Synchronization Primitives

2020-04-05

system design

Processors are often utilized effectively by running multiple tasks simultaneously. To guarantee the correct results of concurrent tasks, synchronization is desired across processes that execute those tasks. The fundamental of synchronization relies on the support of hardware, upon which a wide variety of high-level synchronization operations are built on software.

Hardware implementation

For uniprocessor systems, synchronization can be achieved by disabling interrupts. A process disables interrupts before accessing a critical section, and enables interrupts once it exits the critical section. Since there is no preemption with interrupts disabled, no other processes will be scheduled and thus there won’t be concurrent access to the critical section.

Disabling interrupts is impractical on multiprocess systems.
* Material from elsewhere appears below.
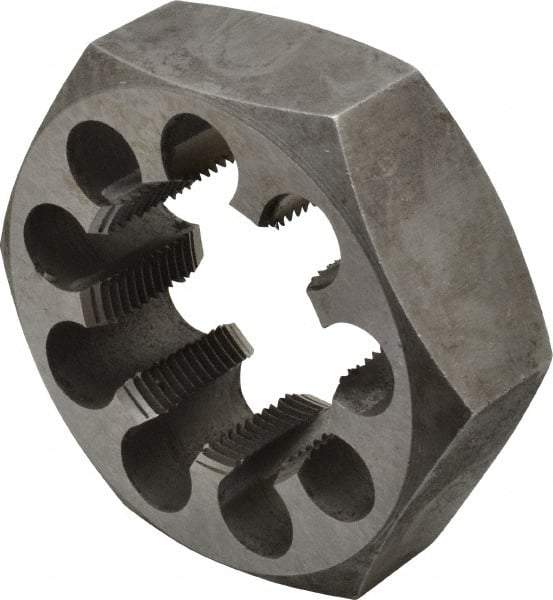 Interstate - 2-1/8 - 12 UNS Thread, 3-1/2" Hex, Right Hand Thread, Hex Rethreading Die - Carbon Steel, 1-1/4" Thick - Exact Tool & Supply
Every attempt of a critical section access requires interrupts of all processors to be disabled, which is very inefficient. Instead, we rely on a set of hardware primitives that allow to read and modify memory locations atomically. They are also the foundation upon which higher-level synchronizations are constructed.

Test-and-set

Test-and-set sets a memory location to 1 and also returns its original value. It can be used to implement the waiting operation of acquiring a spin lock.

Fetch-and-add

Fetch-and-add increments a specified value to a memory location, which allows sequential increments of a value over a concurrent increment operations. Fetch-and-add is the foundation of implementing mutex locks and semaphores.

Compare-and-swap

Compare-and-swap compares the value of a memory location with a given value. If they are identical, it then updates that memory location with another specified value. Different from test-and-set, which always sets the memory location to 1, compare-and-swap delays the update until the condition is met (and can specify a new value other than 1). Therefore, compare-and-swap can be used to synchronize multiple updates of a memory location while only letting one to go through which updates from a specified old value to a specified new value. One typical application of compare-and-swap is to implement atomic adders.

void add(int *p, int a)
{
    int value = *p;
    while (compare-and-swap(p, value, value + a))
    {
        value = *p;
    }
}

Load-linked and store-conditional (LL/SC)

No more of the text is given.